EUROPEAN equities have sunk on fears over debt-riddled Spain after its central bank predicted a worsening recession, one day after Moody's downgraded credit ratings for five major Spanish regions.
Madrid's IBEX 35 index of top shares on Tuesday dived 1.33 per cent to 7772.30 points in late morning deals, as Spanish bond yields crept higher and bailout concerns intensified, dealers said.
London's FTSE 100 index of top companies fell 1.15 per cent to 5814.81 points, hit by fresh gloom in the retail sector following a profits warning from luxury handbag maker Mulberry.
Frankfurt's DAX 30 dropped 1.34 per cent to 7229.94 points and in Paris the CAC 40 index was down 1.20 per cent at 3442.04.
In foreign exchange trading, the European single currency weakened to $US1.3038 from $US1.3060 late in New York on Monday.
Gold prices slid to $US1717.18 ($A1671.14) ounce on the London Bullion Market from $US1,726.75.
The Bank of Spain on Tuesday forecast that a job-destroying recession kept a tight grip on the country's economy in the third quarter of 2012 when output shrank by an estimated 0.4 per cent.
If confirmed, the figures would mean that the Spanish recession, which has left one in four workers unemployed, is moving into a second year at a relentless pace.
The news came as Moody's cut its debt rating for five Spanish regions by one or two notches each, blaming their weak financial positions and looming debt redemptions.
"Stocks are in the red across Europe... after rating agency Moody's downgraded five Spanish regions," said market analyst David Madden at trading group IG.
"The credit rating for the Spanish government remains unchanged at one notch above junk status, but this will still put pressure on the Madrid government, because the semi-autonomous regions will need to lean on Madrid even more."
Extremadura was cut to Ba1 due to a "persistently high" operating deficit and frail liquidity.
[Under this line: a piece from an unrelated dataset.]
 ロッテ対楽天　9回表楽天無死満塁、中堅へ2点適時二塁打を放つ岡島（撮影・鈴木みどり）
Andalucia (BA2), Castilla-La Mancha (BA3), Catalunya (BA3) and Murcia (BA3) were all cited for poor liquidity and large maturing debt obligations.
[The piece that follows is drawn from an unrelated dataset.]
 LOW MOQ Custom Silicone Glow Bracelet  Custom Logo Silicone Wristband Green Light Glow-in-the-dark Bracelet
"Last night's downgrade of five Spanish regions... is likely to keep the pressure on the Spanish government's finances, given that the regions are likely to become much more reliant on the central government bailout funding facility as their interest costs rise," added CMC Markets analyst Michael Hewson.
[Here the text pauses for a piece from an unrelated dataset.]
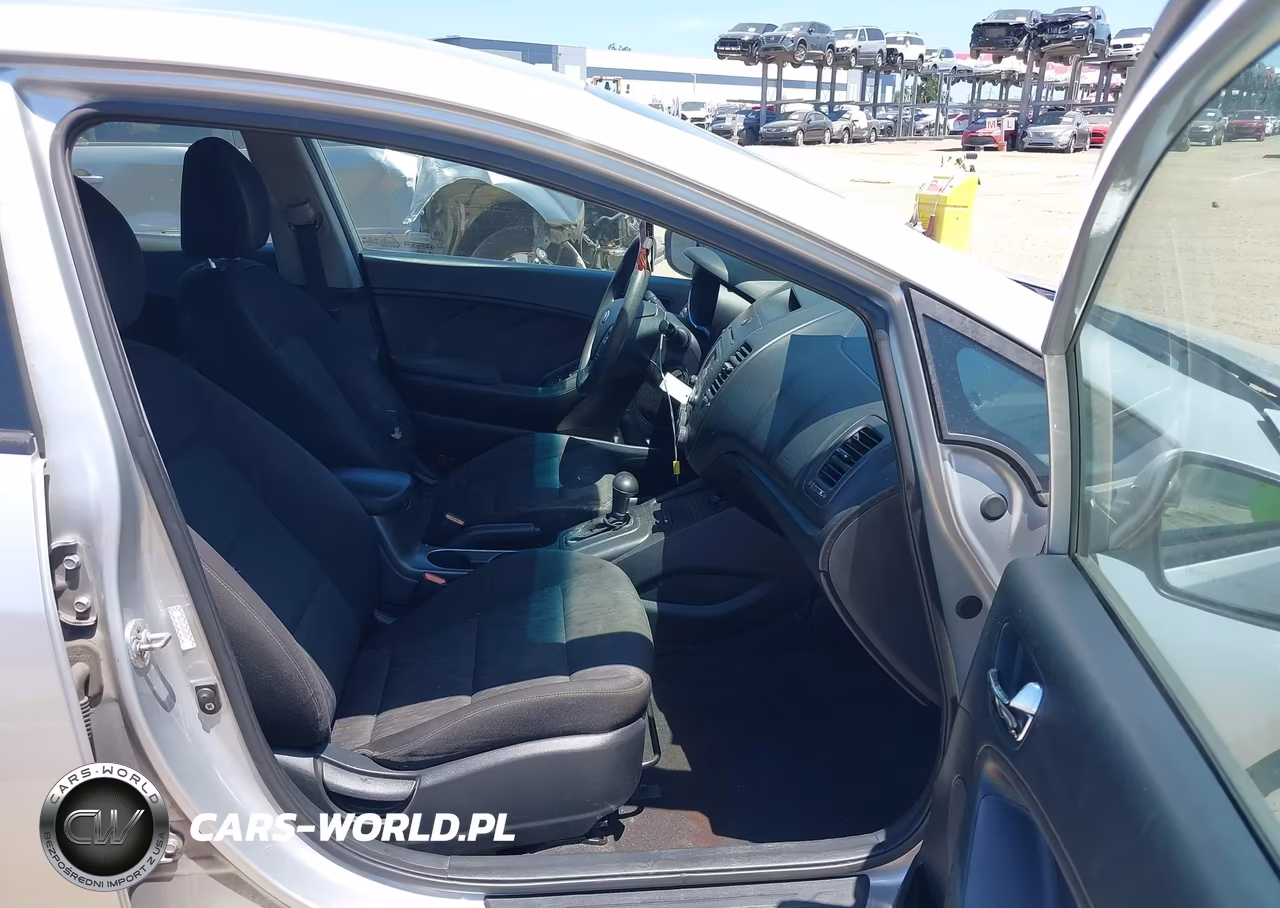 2016 Kia Forte Lx VIN:KNAFK4A6XG5488740 - 5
The gloomy news followed mixed regional elections over the weekend for Spanish Prime Minister Mariano Rajoy.
Rajoy won a landslide in his home region of Galicia, but separatist forces gained ground in a regional election held the same day in the northern Basque country.
In London, the top-end consumer goods sector was in focus after Mulberry warned that annual profits would be lower than last year, due to falling wholesale revenues and international retail sales.
In reaction, Mulberry shares slumped to 925 pence.
It later stood at 1000 pence, down 24.24 per cent from Monday's closing level.
Rival luxury goods firm Burberry saw its share price tumble 4.01 per cent to 1125 pence.
Earlier this month, Burberry said group sales growth slowed during its second quarter.
The Mulberry news also hurt the French luxury goods sector on Tuesday.
Shares in fashion groups LVMH and PPR slid by 1.12 and 1.42 per cent respectively, to stand at 123.70 and 132 euros.